Wanted: Good Monetary Policy
The disproportionate consequences of untimely contraction
The graph above takes a pair of Treasury bonds, one inflation-indexed, the other not, for several different maturities and calculates their differences to determine a market expectation for average inflation during that time frame. What fascinates me here is the extraordinary volatility in long-term inflation expectations since the end of the recession in July 2009.
It may seem small: we're talking about swings of roughly 1 percent in inflation expectations in the 5-year time frame, and swings of 50 to 75 basis points in the 7-, 10-, 20-, and 30-year time frames. But this is extraordinary--historically anomalous, in fact. Prior to the recession, these breakeven rates were anchored at 2.5 percent, regardless of economic conditions and monetary policy action.
Why does that matter? First, stable inflation expectations are essential to long-run growth. Unpredictable inflation introduces unnecessary risks to lending and borrowing, impeding investment. Yet I'm about to make a case you might not have heard before: the Fed's conservatism is seriously endangering inflation expectations in the medium- and long-run. (Not growth expectations, or "full employment"--that's an easy argument to win. Inflation.)
We can see this in how the volatility of these breakeven inflation rates move with short-run Fed policy--namely, the quantitative easing programs and related asset purchases. Yet these are short-run policies; why are we seeing them impact long-run inflation expectations?
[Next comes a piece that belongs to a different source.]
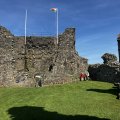 IMG_8817.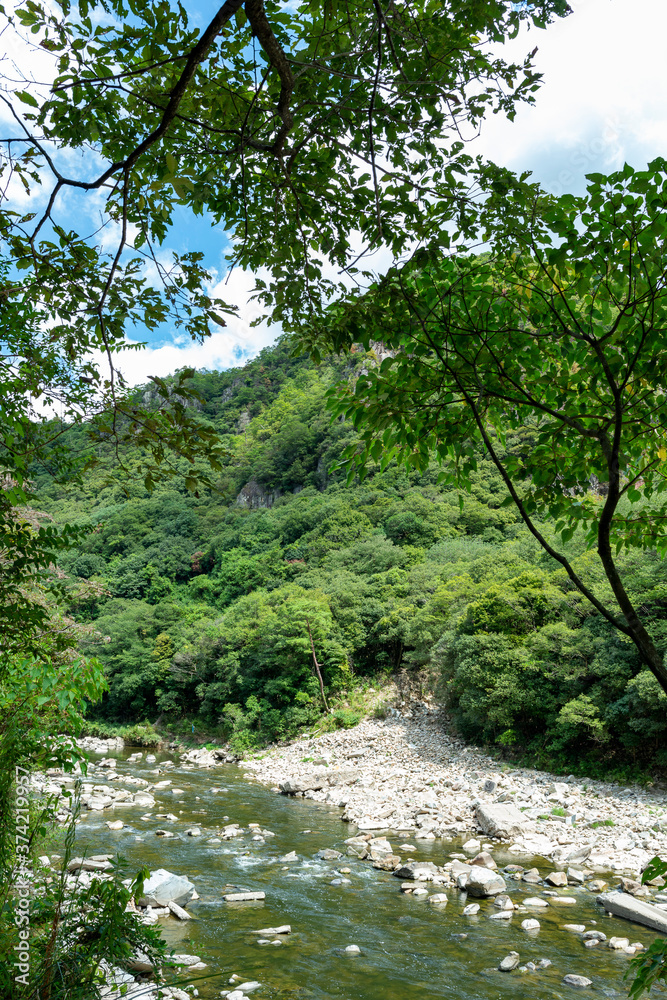 Summer view of Muko-river in Hyogo prefecture, Japan Summer view of Muko-river in Hyogo prefecture, Japan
I see this as the clearest evidence I've ever seen of market concern that without continued accommodative monetary policy, we could be heading for a liquidity trap scenario of protracted periods of low growth, low inflation, and high output gaps. The only reason long-run inflation expectations would respond in this way, we can see, is that if the market expected Fed actions now would be highly determinative of the long-run. This is what an economy making an unsure exit from a liquidity trap looks like. It is highly suggestive that the Fed, moreover, remains disturbingly close to deflationary pressures and has significantly more leeway than I would have thought previously for expansions of QE before it has any negative impact on inflation expectations.